### THE PROBLEM
Print each line below verbatim, skipping every picture.

### SUPPLIED MATERIAL
──────

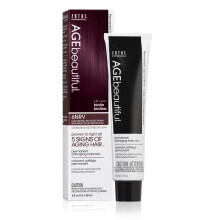 AGE Beautiful Coloration permanente pour cheveux Liqui Crme | Couverture 100 % grise | Coloration anti-ge | Biotine pour des cheveux plus pais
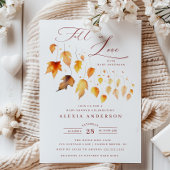 Invitation Automne Tombe Dans Le Baby shower D'Amour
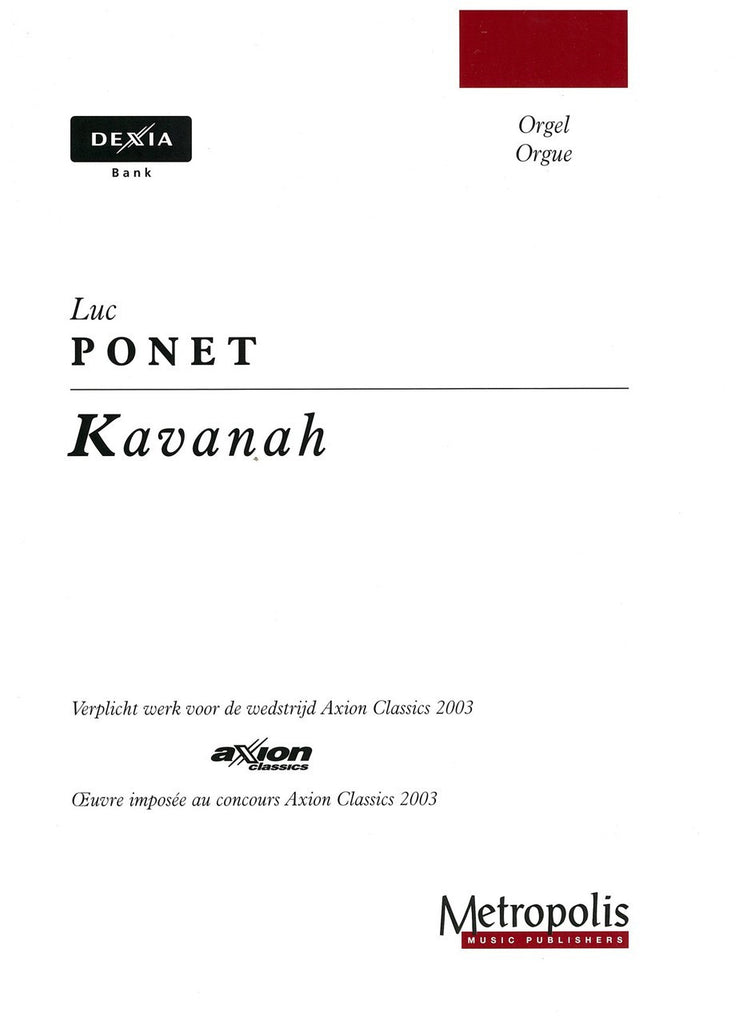 Ponet - Kavanah - ORG6112EM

──────

### RESULT OF THIS TASK
 AGE Beautiful Coloration permanente pour cheveux Liqui Crme | Couverture 100 % grise | Coloration anti-ge | Biotine pour des cheveux plus pais
 Invitation Automne Tombe Dans Le Baby shower D'Amour
 Ponet - Kavanah - ORG6112EM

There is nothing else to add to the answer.